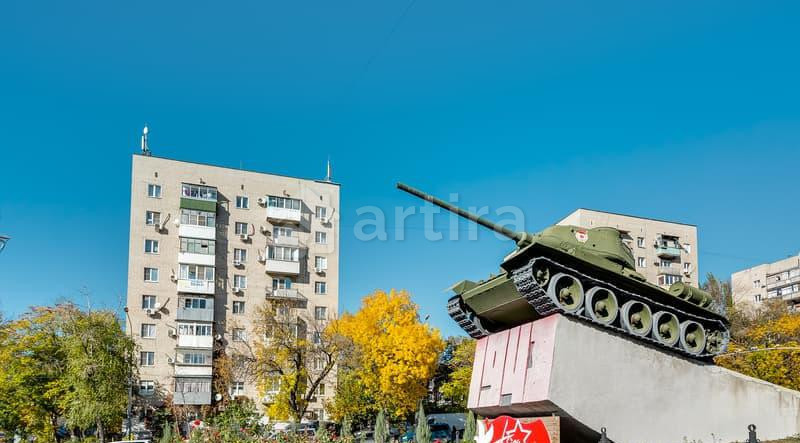 1-комн. квартира, 38 м2, 2/9 эт. Ростов-на-Дону - изображение 14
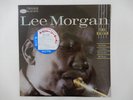Lee Morgan The Rajah Blue Note BNJ 71064 Japan Shrink VINYL LP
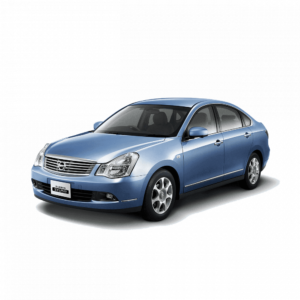 Выкуп битых запчастей Nissan Nissan Bluebird-Sylphy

◆ **Brief**:
Output the complete listing exactly as it appears, except for the images.

◆ **Solution to this task**:
 1-комн. квартира, 38 м2, 2/9 эт. Ростов-на-Дону - изображение 14
Lee Morgan The Rajah Blue Note BNJ 71064 Japan Shrink VINYL LP
 Выкуп битых запчастей Nissan Nissan Bluebird-Sylphy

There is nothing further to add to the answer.